Sodium-ion batteries have a similar design to lithium-ion batteries (those that you have in your phone, or electric vehicle), which makes existing infrastructure for manufacturing lithium-ion batteries applicable also for sodium-ion batteries. It is an important thing because:
— Sodium-ion batteries might be 10-30% cheaper because of the less expensive materials used to manufacture them
— Sodium is much more abundant (the sixth most abundant element) and cheaper in comparison with Lithium
— Sodium-ion batteries are generally considered safer, with lower risk of fire
— Sodium-ion batteries do not require Cobalt (mining of cobalt causes human rights violations)
— Sodium-ion batteries have a better life-cycle (they can be charged and discharged more times), and can operate in a wider range of temperatures (-30C to 60C)
On the other hand:
— Sodium-ion batteries have much lower energy density (the amount of electrical power that a battery can store with respect to its mass) in comparison with lithium-ion batteries.

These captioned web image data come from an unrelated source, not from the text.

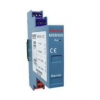 MSC309E-G1,MSC309E-G2,MSC309E-GG,MSC309E-G0,開(kāi)關(guān)量隔離器（輸出型）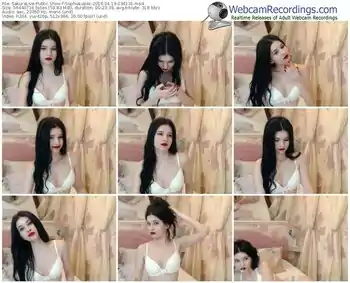 sakuralivejp-sophialopez-webcam-show-04_19_2016-03_41_31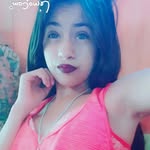 Thalia Sena - @thalia.sena.9847 - Instagram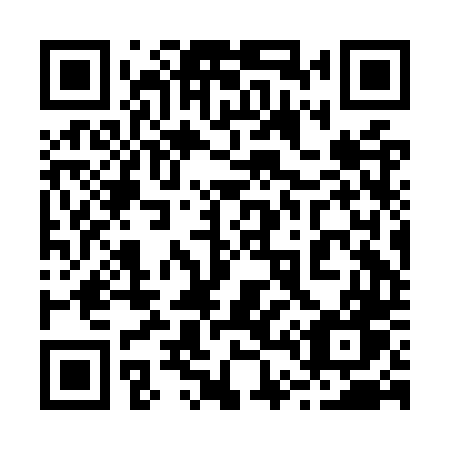 QR code for 242 OTW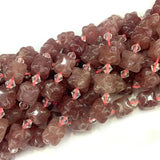 12mm Aventurine Amazonite Beads 15'' DIY Loose Beads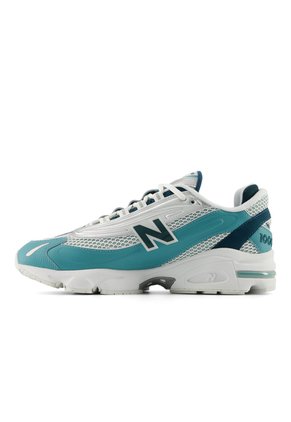 Unisex 1000 New Balance U10005LE
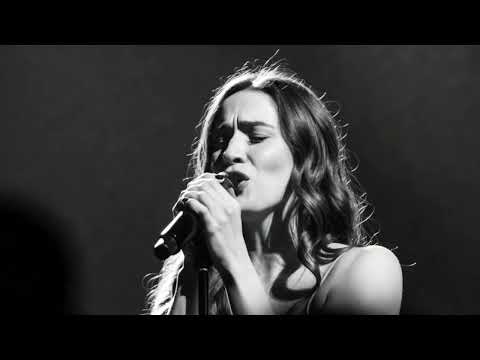 Tu As Trahi Mon Cœur Émotionnelle Relaxante Playlist French Music Love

This is quite problematic for usage in EVs, or mobile devices but for places where space is less of a big deal, their lower energy density is not so much of a confounding factor (stationary places).

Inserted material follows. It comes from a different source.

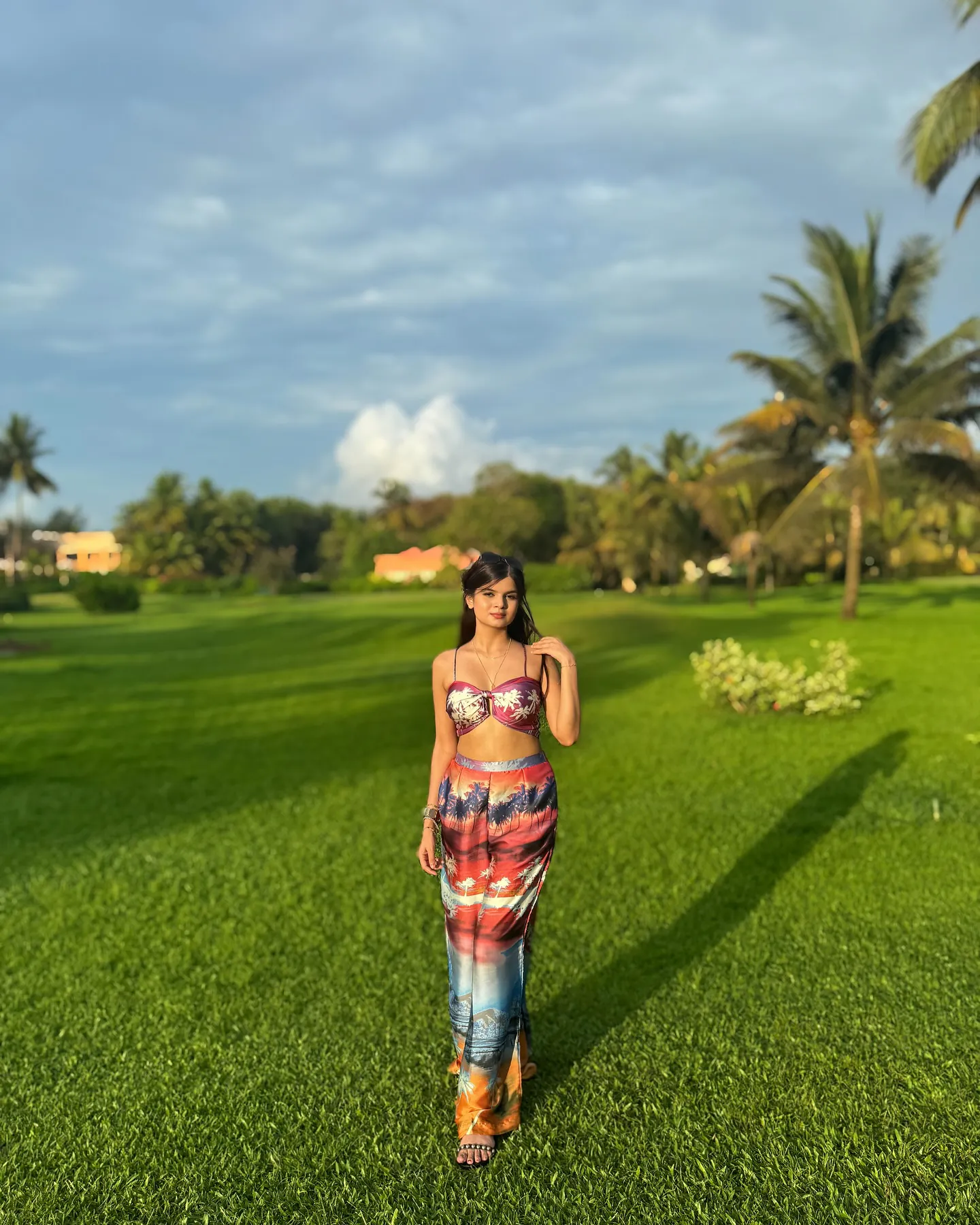 Krutika Ojha - krutika-ojha-sexy-12.webp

Two charts that make this even more interesting
The history of solar photovoltaic panels reveals fascinating price trends. Since 1975, solar panel costs have dropped approximately 12% annually. This price reduction is partly attributed to the significant growth in solar installations across the globe (the more things you make, the cheaper they become over time).
The expansion of solar panel installations is very probable, which should maintain the downward price trend. Additionally, technological innovations, such as thinner or more efficient panels, are expected to contribute to further cost reductions.

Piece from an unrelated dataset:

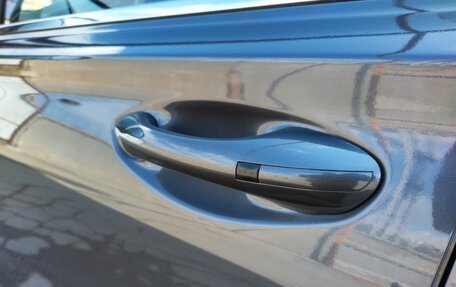 Hyundai Santa Fe IV, 2022 год, 4 210 000 рублей, 34 фотография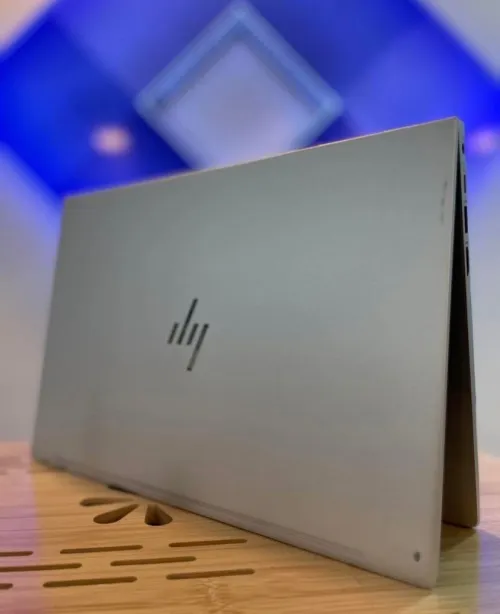 HP Elitebook 630 G9 i5 12eme Génération Ram 16 Gb Stockage 256 Gb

The fact that we will have more solar photovoltaic panels opens the discussion about the following (simple) charts.
Note: The chart is made by me. I hope you enjoy my drawing capabilities.
We have basically two options for “overproduction” energy from solar photovoltaic panels:
— Send it back to the grid
— Store it in batteries
The first option has its own limitations, as you can see on the chart. The grid has its own capacity, and if every house were to send electricity back, it would reach the limit very fast (actually, now you have to pay in order to send the electricity made from your solar photovoltaic panels to the grid here in the Czech Republic). The second option is more reasonable: store the energy in batteries and use it when you need it.
If sodium-ion batteries continue to develop (as they probably will), they become a very interesting technology for house batteries due to their lower price and sustainable aspects.
The last point that makes it even more interesting is that Bain, a consultancy, estimates that the market for grid-scale storage could expand from around $15bn in 2023 to between $200bn and $700bn by 2030, and $1trn-3trn by 2040. These numbers are very impressive, but I think we need to take them with a grain of salt (sodium joke included). Nevertheless, the battery market is very interesting, and I will continue exploring it!